— WHAT THE EXERCISE ASKS —
Transcribe all the entries word for word, omitting any pictures they contain.

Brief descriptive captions
______________________________

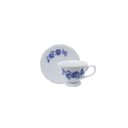 Ver imagem 6 de Jogo de Jantar 84 Peças Chá Café Cora Porcelana Schmidt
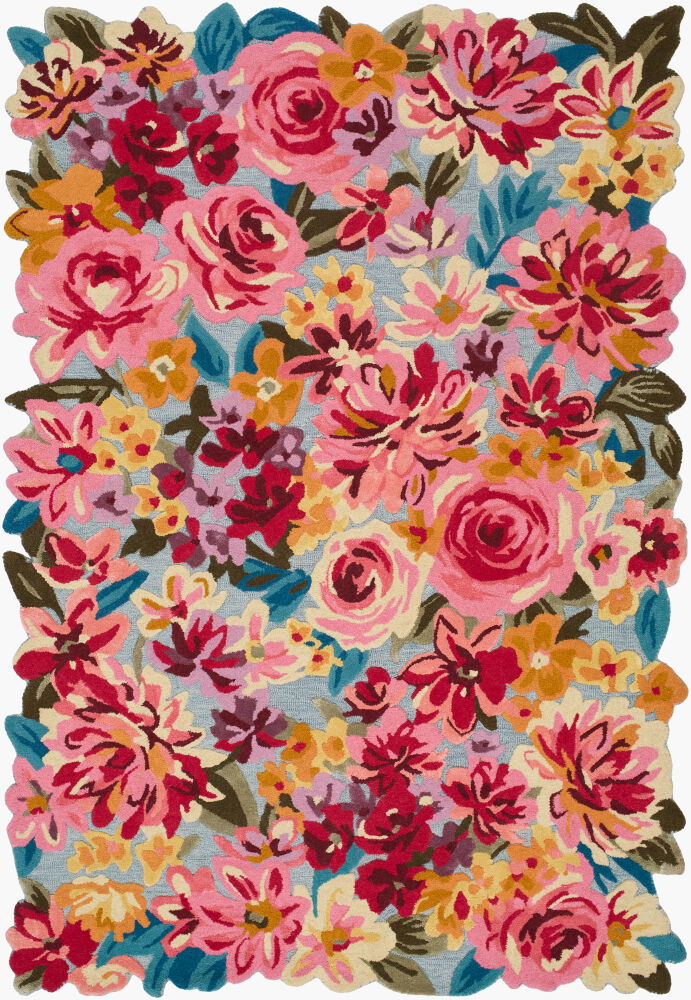 Shindig Handmade Rug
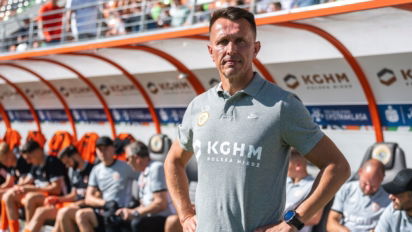 Nowe informacje ws. umowy Leszka Ojrzyńskiego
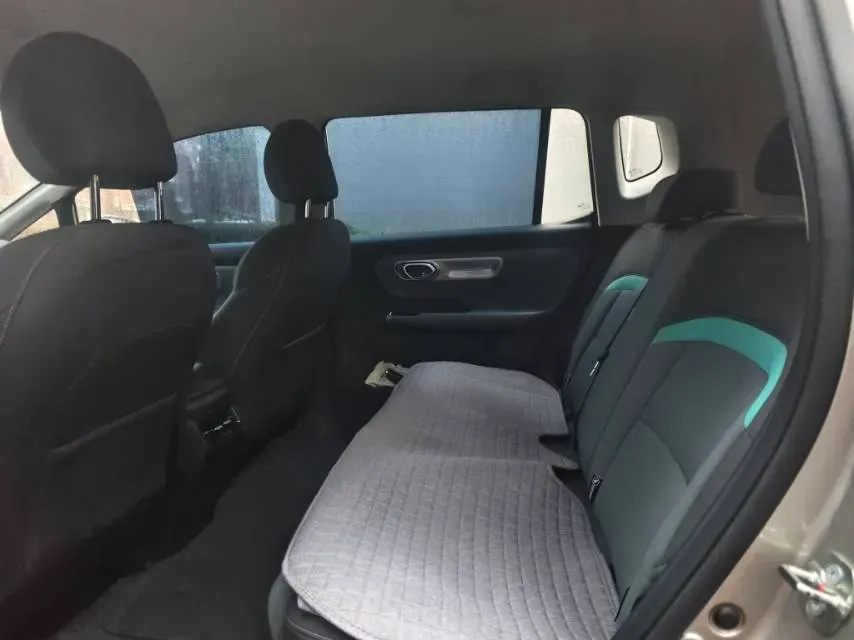 2023 GAC Trumpchi GS4 1.5T 177HP L4 6AT,autocango,china used car exporter,china ev exporter,chinese used car exporter,chinese used ev exporter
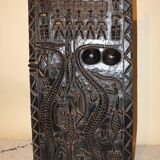 decorative door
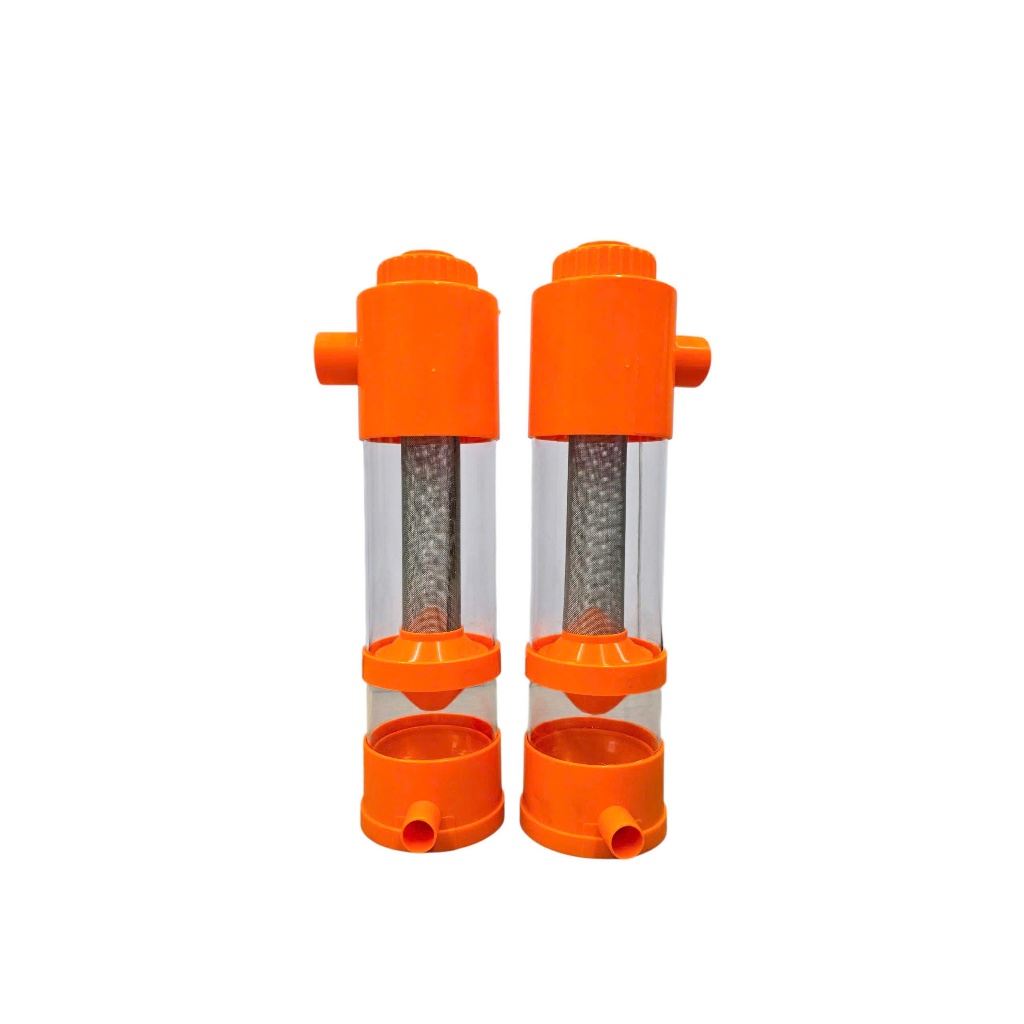 ỐNG TÁCH PHÂN ĐỎ RẺ, Ống Lọc Lắng Tách Phân Công Nghệ Mới, Ống Lắng Tách Cặn 8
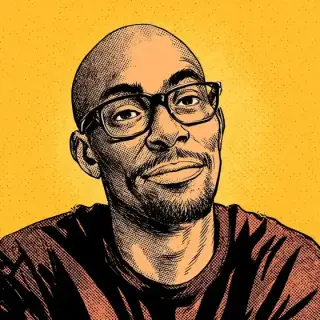 BooksBrian.AI portrait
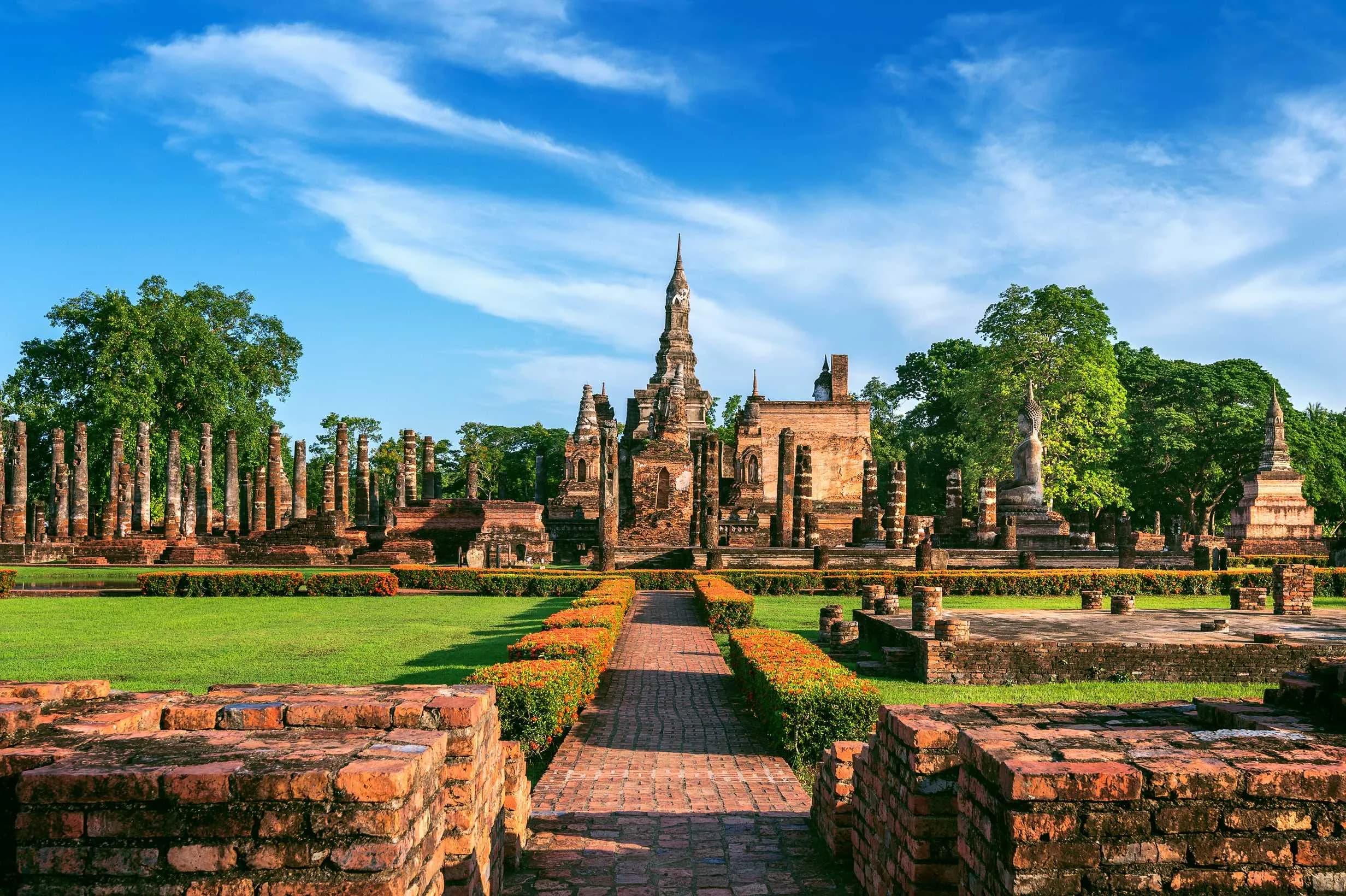 Cambodia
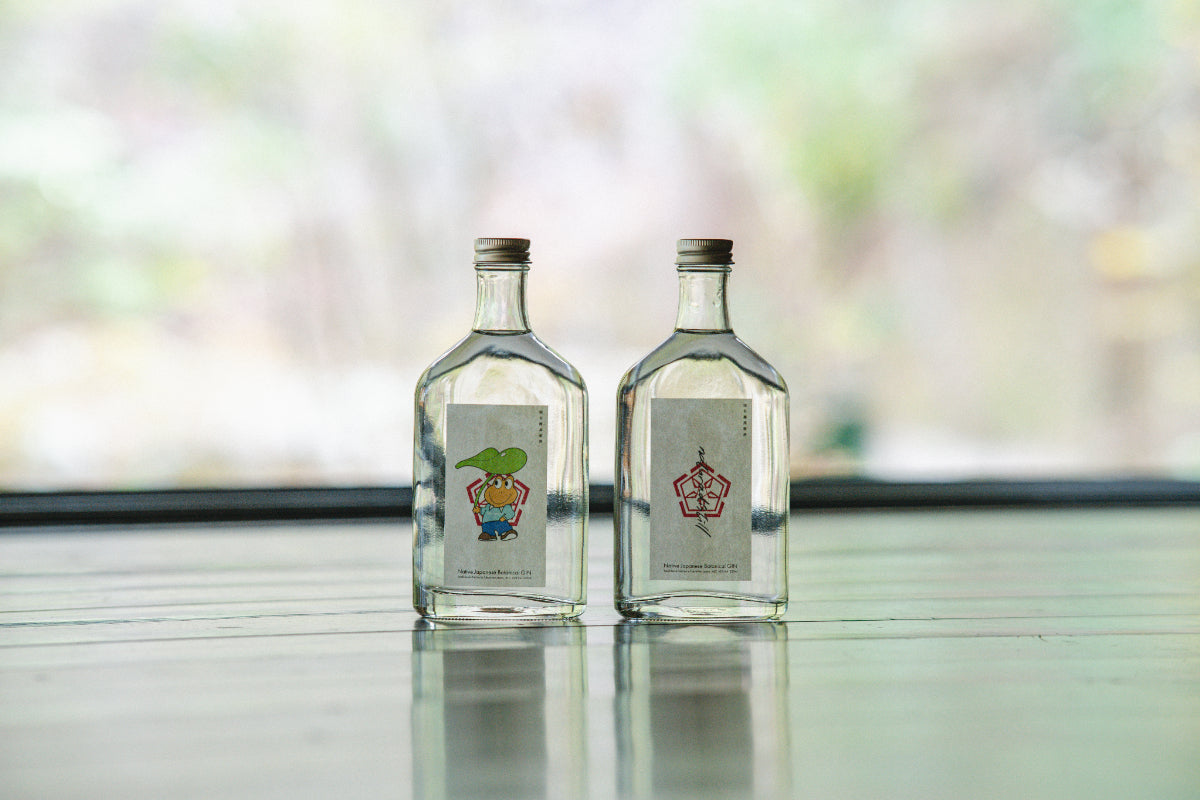 collection_limited – naturadistill 川内村蒸溜所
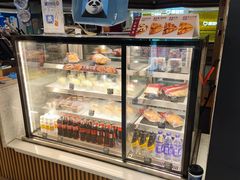 -COSTA COFFEE(恒基名人购物中心店)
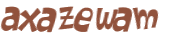 CAPTCHA 挑戰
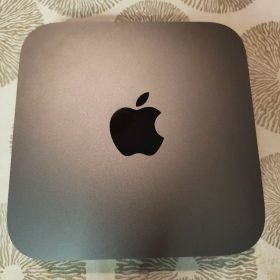 mac mini 2018 3.6GHz Inte Core i3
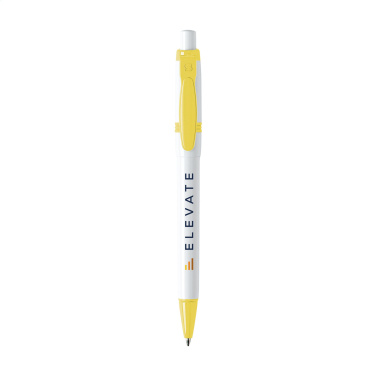 Logo trade promotional merchandise picture of: Stilolinea Olly pen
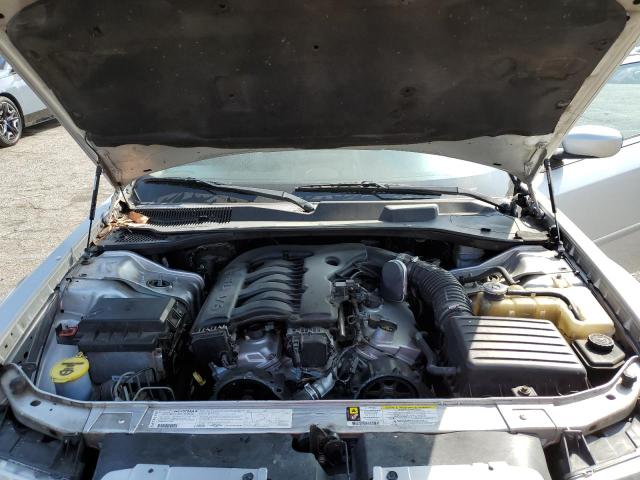 Photo 7 from auction – 2006 CHRYSLER 300 TOURIN with VIN 2C3KA53G86H499134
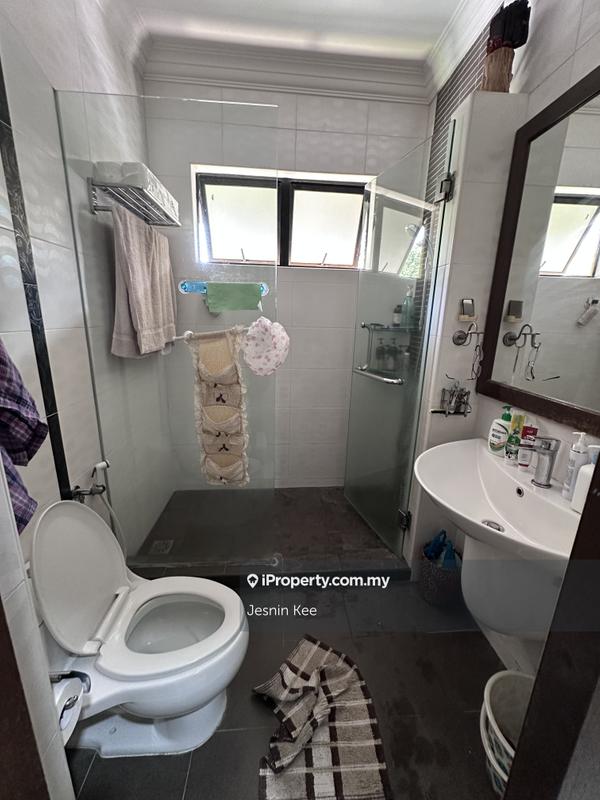 Rumah Berangkai 3 Tingkat untuk Dijual di Lake Fields, Sungai Besi oleh Jesnin Kee - iProperty.com.my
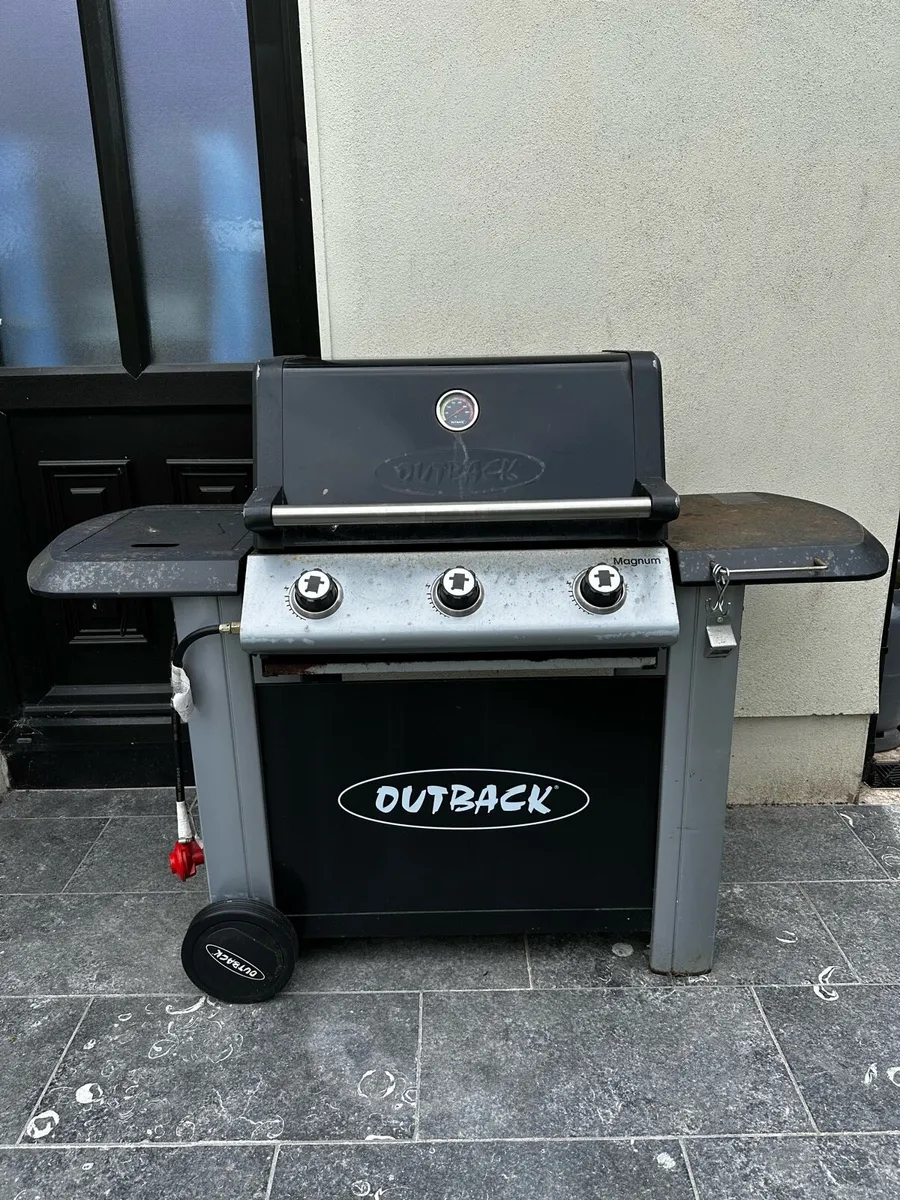 Outback BBQ - Image 2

______________________________

— ANSWER BELOW —
 Ver imagem 6 de Jogo de Jantar 84 Peças Chá Café Cora Porcelana Schmidt
 Shindig Handmade Rug
 Nowe informacje ws. umowy Leszka Ojrzyńskiego
 2023 GAC Trumpchi GS4 1.5T 177HP L4 6AT,autocango,china used car exporter,china ev exporter,chinese used car exporter,chinese used ev exporter
 decorative door
 ỐNG TÁCH PHÂN ĐỎ RẺ, Ống Lọc Lắng Tách Phân Công Nghệ Mới, Ống Lắng Tách Cặn 8
 BooksBrian.AI portrait
 Cambodia
 collection_limited – naturadistill 川内村蒸溜所
 -COSTA COFFEE(恒基名人购物中心店)
 CAPTCHA 挑戰
 mac mini 2018 3.6GHz Inte Core i3
 Logo trade promotional merchandise picture of: Stilolinea Olly pen
 Photo 7 from auction – 2006 CHRYSLER 300 TOURIN with VIN 2C3KA53G86H499134
 Rumah Berangkai 3 Tingkat untuk Dijual di Lake Fields, Sungai Besi oleh Jesnin Kee - iProperty.com.my
 Outback BBQ - Image 2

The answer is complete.